Une solution temporaire
Cette solution est temporaire, pour une durée de 6 mois, indique le référentiel. Elle « constituerait une première modalité de filtrage d'une partie des mineurs. Cette solution temporaire repose en effet sur une infrastructure déjà déployée et mobilisable », peut-on lire.
Plusieurs conditions doivent toutefois être respectées : un service tiers qui doit opérer la vérification pas le site lui-même, une authentification forte (DSP2) est nécessaire pour vérifier que la personne utilisant la carte est bien son titulaire. L'Arcom précise que les conditions d'utilisation de ce système de vérification seront précisées dans six mois.
Lors d'une interview accordée à La Voix du Nord le 9 avril, Marie-Laure Denis, la présidente de la Commission nationale de l'informatique et des libertés (CNIL), s'était montrée favorable à ce système temporairement, en attendant la mise en place de solutions plus pérennes.
Au bout de la période temporaire, les sites devront ensuite mettre en place un système plus robuste. Les sites sont libres de choisir la solution qu'ils préfèrent, voire d'en proposer plusieurs. Cela peut être un système à double anonymat - l'identité de l'utilisateur est vérifiée, mais le site n'a pas accès à son identité et l'instance qui s'assure de son identité ne sait pas pour quelle raison elle le fait. Autre possibilité : des technologies scannant le visage afin de déterminer l'âge d'une personne. Le tout est que la solution choisie coche la quinzaine de critères listés par l'Arcom.
Parmi ceux-ci, on trouve : la résistance de la technique aux contournements (par exemple, un système de scan du visage doit pouvoir reconnaître un deepfake), l'obligation de renouveler la vérification de l'âge à chaque session et au bout d'une heure d'inactivité. Avant la vérification, l'utilisateur ne pourra voir aucun contenu pornographique, explique le document. La page d'accueil pourra, par exemple, être floutée.
Les systèmes de vérification ne devront pas discriminer une population
Par ailleurs, les sites devront s'assurer que leur système ne discrimine pas une partie de la population. Ce qui peut être le cas des systèmes de reconnaissance des traits du visage qui calcule un âge approximatif. Du fait de leurs données d'entraînement, ils peuvent fonctionner moins bien sur les peaux foncées et sur les femmes.
Toute une liste de critères concerne le respect de la vie privée. Les sites pornos n'ont, par exemple, pas l'autorisation d'avoir accès aux données personnelles demandées par le service de vérification d'âge. Le prestataire en charge de la vérification ne doit pas conserver les données.
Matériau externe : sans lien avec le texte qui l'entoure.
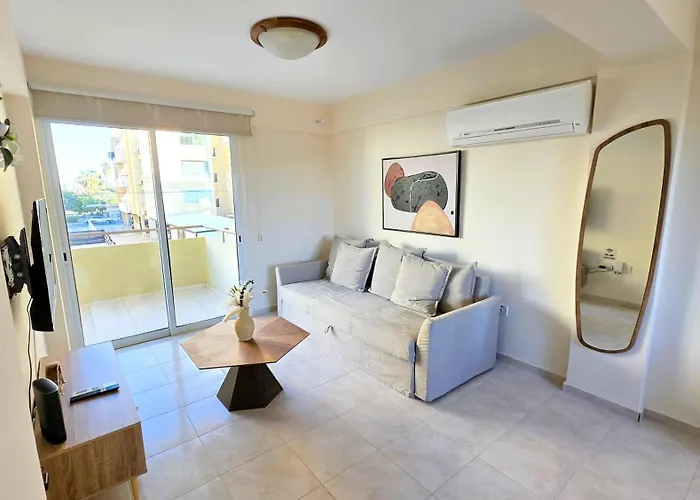 2br With Pool & Free Wi-fi Апартаменты Ларнака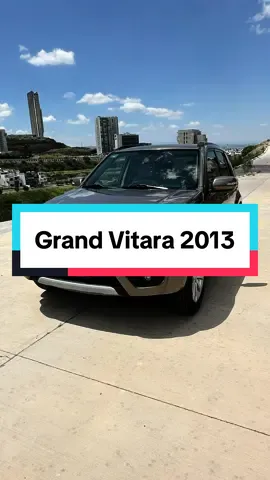 Suzuki Grand Vitara 2013 por dentro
Le document précise que ces critères sont susceptibles d'évoluer pour tenir compte de l'état de l'art des technologies.
Reste à savoir comment techniquement cette obligation va être opérée. Plusieurs pays comme l'Australie et le Royaume-Uni (qui revient toutefois à la charge) ont précédemment échoué à mettre efficacement en place des systèmes de vérification de l'âge. La carte bancaire a le mérite d'être facilement déployable.